Data records
_ _ _ _ _

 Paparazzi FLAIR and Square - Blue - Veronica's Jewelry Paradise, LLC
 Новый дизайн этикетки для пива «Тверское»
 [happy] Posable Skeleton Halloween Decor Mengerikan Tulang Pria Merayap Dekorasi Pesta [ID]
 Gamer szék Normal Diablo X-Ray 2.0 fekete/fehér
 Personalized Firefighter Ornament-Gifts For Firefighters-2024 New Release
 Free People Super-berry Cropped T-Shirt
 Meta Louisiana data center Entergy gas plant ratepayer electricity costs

_ _ _ _ _

**What to do:** Please copy exactly, and only, the lines from the line containing "Free People Super-berry Cropped T-Shirt" through the last line of the records, with both ends included.

**Task response:**
 Free People Super-berry Cropped T-Shirt
 Meta Louisiana data center Entergy gas plant ratepayer electricity costs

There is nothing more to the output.